I can give you some info that may make all of this a little easier. You will probably have to re tag, most, if not all of your music. One thing that many people run into is confusing metadata (tags) with folders and file names. For example, if you go into explorer and change the folder name of an album name because it is not correct, you won't see the changes in your music library. In order to see it in your library, you would need to edit the tags for that album as well.

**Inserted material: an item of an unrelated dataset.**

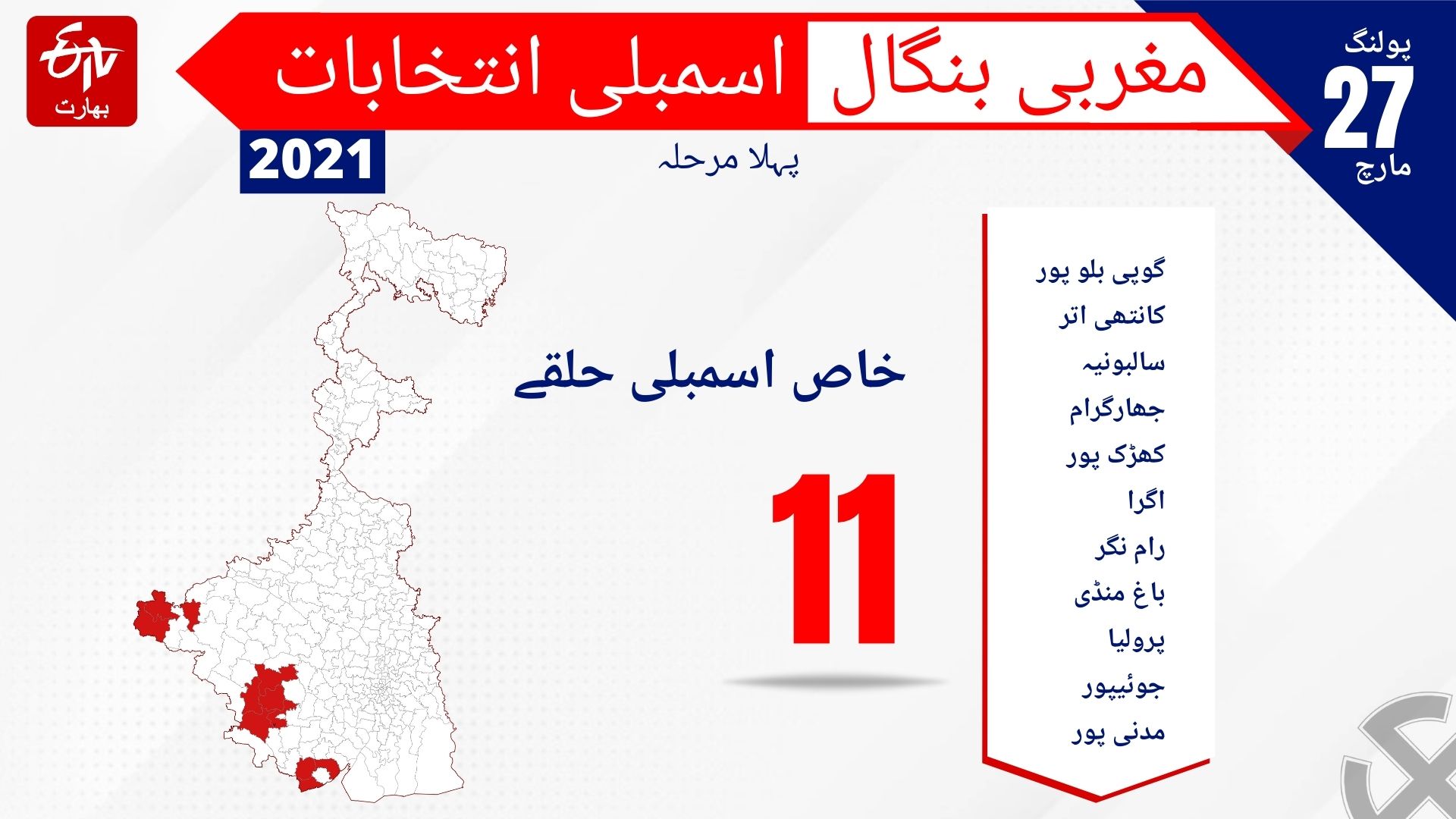 west bengal polls 2021: first phase complete information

To save a lot of time, I'd recommend mass tagging. It can save you a lot of time. To do this you need to organize your music in your file manager first. Start with a master folder for all of your music and inside that create a folder for each genre. Inside the genre folder put artist names and inside artist names, put the albums. Once you have all of that done, you can go into a music player or tagger, do a file system view and tag from there. For example, if you have 1000 albums in your jazz folder, select the jazz folder and tag everything in it to jazz under the genre tag. You may have to still do some manual, single tagging, but the more you can get done with mass tagging, the more time you will save.

You can use Foobar for this. I recommend another free music player/tagger, as well. Its called Quod Libet. For tagging, I like it the best even though I don't use it for my main media player.
Not to be rude, but your claim of hearing an audible difference between FLAC and WAV is utter nonsense. Spend some time learning about audio file formats and compression types and you'll understand why.
Lupinethe3rd - their is a small but vocal group who steadfastly believes they hear a difference. Steve Nugent (Empirical Audio) is one of the leaders. It is kind of like arguing about power cables or various tweaks. Some people swear they hear a difference, others dismiss the claims. Did you read the 4 part series in TAS? They claimed to hear differences in bit identical files after copying them from one format to another. I just want you to know that this is a very active topic of discussion and just saying it cannot happen is not going to convince this crowd.
Lupin-

I understand that FlAC and WAV contain the same data. I do believe the difference is thought to come from imperfect decompression of FLAC on the fly by the CPU. As a psychologist by trade, I have no doubt the difference I'm "hearing" could be illusory. Never the less...

Zd -

Thanks for your input. I was afraid it would require mass re-tagging. I'll take a look at Quod.

Andrew
I just stuck to AIFF which supports meta data and is uncompressed lossless.

Some have had good results with FLAC set at 0 compression.

WAV does support meta data now IIRC but getting the software that supports it seems to be difficult.